A Christmas tradition for us has always been a lasagna dinner.  This recipe was passed down from my grandmother to my mom and then to me.  It takes days to prepare - cooking the homemade sauce and making the luscious ricotta filling the day before so all of the flavors can marry and bloom.  The smell of homemade spaghetti sauce fills the house as it cooks for hours and hours in the crock pot.  I can remember walking in the door after school and knowing immediately that mom had been cooking spaghetti sauce all day.  Justin and I would fight over who would get to lift the crock pot lid and soak in the first smell of bubbling sauce, and more importantly, who would get the honor of the first dip of bread into the steaming pot of deliciousness.  Mom's lasagna was such a special treat, we usually only ate it once or twice a year: one of those times being Christmas.

What is Christmas without some traditional holiday desserts?  Apple pie and molasses cookies are our family go-to's.  If one of these items doesn't make it's way to the Christmas dessert spread, you can be sure there will be some moaning and groaning coming from someone.  The apple pie is my specialty - another tradition passed down from my grandmother.  I remember sitting at the dining room table together, peeling apples and talking about life.  She would always opt for a knife over a peeler.  She could peel an entire apple with a pairing knife - one, single, swirly strand of skin falling to the table when she was done.  (I know you've seen Sleepless in Seattle - I swear Meg Ryan learned how to peel an apple from my grandmother.  I can't ever watch that movie without thinking of her.)

In our house, a Christmas meal wasn't complete without a beautifully decorated table.  I was raised by an event planner, after all.  This was a task I was always able to help with - even when I was too little to help with a lot of the cooking.  I was taught how to set a table properly and helped my mom gather flowers and plants from our yard to create a centerpiece for the table.  She has always had the green thumb out of the two of us.  I try, but it just comes so naturally to her.  Every year, I continue to be amazed by the tablescapes she puts together with nothing but what she has in the house and in her yard.

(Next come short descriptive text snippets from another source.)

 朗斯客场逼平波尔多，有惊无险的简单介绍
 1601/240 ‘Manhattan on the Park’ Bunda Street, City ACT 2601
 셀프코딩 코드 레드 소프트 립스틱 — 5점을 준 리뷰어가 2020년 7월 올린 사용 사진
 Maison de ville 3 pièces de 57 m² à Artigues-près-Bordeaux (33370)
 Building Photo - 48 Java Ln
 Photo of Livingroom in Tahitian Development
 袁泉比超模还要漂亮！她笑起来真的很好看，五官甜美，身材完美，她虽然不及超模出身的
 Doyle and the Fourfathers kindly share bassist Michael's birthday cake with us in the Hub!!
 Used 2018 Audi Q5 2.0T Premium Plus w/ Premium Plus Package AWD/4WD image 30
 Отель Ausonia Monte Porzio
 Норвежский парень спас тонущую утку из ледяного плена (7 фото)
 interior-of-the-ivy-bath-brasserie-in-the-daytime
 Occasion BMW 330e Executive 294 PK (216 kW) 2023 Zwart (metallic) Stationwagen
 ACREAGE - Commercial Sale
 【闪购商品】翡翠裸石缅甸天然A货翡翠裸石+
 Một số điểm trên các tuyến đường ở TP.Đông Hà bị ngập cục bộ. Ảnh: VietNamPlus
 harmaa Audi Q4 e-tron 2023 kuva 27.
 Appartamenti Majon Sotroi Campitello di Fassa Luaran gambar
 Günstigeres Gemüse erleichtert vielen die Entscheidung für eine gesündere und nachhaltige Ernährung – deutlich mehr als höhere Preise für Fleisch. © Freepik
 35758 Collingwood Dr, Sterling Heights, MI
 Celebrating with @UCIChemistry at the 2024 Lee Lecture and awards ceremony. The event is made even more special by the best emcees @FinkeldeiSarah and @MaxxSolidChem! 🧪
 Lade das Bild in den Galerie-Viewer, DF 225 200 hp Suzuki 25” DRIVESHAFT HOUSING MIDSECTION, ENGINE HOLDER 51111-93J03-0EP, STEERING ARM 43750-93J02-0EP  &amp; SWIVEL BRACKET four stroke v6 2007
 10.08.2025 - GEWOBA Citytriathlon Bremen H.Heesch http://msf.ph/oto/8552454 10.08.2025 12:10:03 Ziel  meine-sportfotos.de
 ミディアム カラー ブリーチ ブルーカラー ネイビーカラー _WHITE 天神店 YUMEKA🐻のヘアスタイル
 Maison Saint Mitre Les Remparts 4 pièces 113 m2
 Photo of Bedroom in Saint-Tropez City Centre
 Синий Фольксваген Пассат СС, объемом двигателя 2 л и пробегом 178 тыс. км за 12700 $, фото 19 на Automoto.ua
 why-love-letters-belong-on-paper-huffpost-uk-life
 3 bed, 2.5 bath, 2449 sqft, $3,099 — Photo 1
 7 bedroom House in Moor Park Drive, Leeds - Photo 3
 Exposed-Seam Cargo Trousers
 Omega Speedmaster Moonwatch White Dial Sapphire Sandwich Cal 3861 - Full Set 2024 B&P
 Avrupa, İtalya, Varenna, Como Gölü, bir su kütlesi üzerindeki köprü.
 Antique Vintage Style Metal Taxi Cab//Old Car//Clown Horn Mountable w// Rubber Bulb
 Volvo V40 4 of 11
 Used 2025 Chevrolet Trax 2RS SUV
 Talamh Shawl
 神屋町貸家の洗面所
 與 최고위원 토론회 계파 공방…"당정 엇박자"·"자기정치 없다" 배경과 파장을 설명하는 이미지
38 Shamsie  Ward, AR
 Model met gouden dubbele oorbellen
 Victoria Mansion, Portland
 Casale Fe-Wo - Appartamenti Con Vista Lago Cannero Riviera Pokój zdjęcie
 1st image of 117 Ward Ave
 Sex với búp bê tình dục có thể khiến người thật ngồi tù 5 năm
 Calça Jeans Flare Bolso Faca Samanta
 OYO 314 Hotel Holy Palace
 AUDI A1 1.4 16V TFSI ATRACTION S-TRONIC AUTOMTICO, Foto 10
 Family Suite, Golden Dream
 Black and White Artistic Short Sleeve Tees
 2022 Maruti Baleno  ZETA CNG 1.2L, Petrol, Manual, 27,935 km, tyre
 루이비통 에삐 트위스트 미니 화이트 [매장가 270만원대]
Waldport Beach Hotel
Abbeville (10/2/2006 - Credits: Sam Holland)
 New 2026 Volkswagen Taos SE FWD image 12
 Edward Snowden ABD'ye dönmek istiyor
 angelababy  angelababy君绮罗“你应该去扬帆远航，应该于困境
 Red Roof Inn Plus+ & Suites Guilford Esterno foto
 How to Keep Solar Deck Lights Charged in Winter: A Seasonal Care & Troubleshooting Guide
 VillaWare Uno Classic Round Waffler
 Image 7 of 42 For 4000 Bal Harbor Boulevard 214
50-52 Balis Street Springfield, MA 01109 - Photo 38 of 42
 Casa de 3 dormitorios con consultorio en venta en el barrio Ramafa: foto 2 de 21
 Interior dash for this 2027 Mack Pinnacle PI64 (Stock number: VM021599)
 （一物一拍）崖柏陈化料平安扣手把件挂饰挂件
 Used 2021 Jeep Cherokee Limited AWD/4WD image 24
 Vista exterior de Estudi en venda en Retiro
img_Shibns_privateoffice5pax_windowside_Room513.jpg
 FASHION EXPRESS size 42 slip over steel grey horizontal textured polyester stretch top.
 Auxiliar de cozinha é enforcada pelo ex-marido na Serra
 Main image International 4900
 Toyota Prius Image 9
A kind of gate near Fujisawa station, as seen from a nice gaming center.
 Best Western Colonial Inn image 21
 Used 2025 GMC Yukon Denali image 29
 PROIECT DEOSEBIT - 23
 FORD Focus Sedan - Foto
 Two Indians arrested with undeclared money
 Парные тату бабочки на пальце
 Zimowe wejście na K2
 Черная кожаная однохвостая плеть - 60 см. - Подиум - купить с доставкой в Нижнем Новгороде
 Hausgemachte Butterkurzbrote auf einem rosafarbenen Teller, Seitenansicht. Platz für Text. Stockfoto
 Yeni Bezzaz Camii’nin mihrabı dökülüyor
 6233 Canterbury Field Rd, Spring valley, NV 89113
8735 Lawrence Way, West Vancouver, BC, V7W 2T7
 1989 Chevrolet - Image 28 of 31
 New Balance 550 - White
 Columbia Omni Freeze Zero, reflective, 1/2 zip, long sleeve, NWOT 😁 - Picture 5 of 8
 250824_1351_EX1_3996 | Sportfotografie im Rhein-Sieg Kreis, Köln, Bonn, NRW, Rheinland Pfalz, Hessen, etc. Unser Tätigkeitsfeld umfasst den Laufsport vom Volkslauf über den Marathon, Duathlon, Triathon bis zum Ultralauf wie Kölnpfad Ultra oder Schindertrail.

This year I will celebrate my 29th Christmas.  The holidays certainly do change as you get older and they can easily lose their magic.  We begin to feel the stress of the holidays more than the joy.  It's easy to get bogged down by the craziness that surrounds the holidays, but it continues to be my favorite time of year.  It may take more effort now that I'm older to take the time away from work and be fully present with my family, but as you get older you realize how incredibly important that is.  My husband laughs at me and says I act like a kid around the holidays.  I get giddy over Christmas decorations, squeal over cheesy holiday coffee mugs,  and still love to drive around to see neighborhoods glowing with twinkly lights, sipping a cup of hot chocolate as I take in the beauty.  That happiness is a choice I make.  It's allowing myself to live in the moment - and often in the past, as well.  It's putting aside the stresses of every day life and allowing the spirit of the season to completely surround me and carry me back to a time when life was simple and family wasn't so far away.  It's knowing that at least once a year I will get to see my brothers and their kids all together in one house, and we will continue to pass down the traditions we were taught as children.  To me, Christmas truly is, the most wonderful and magical time of the year.

 From our family to yours, we wish you all a very Merry Christmas!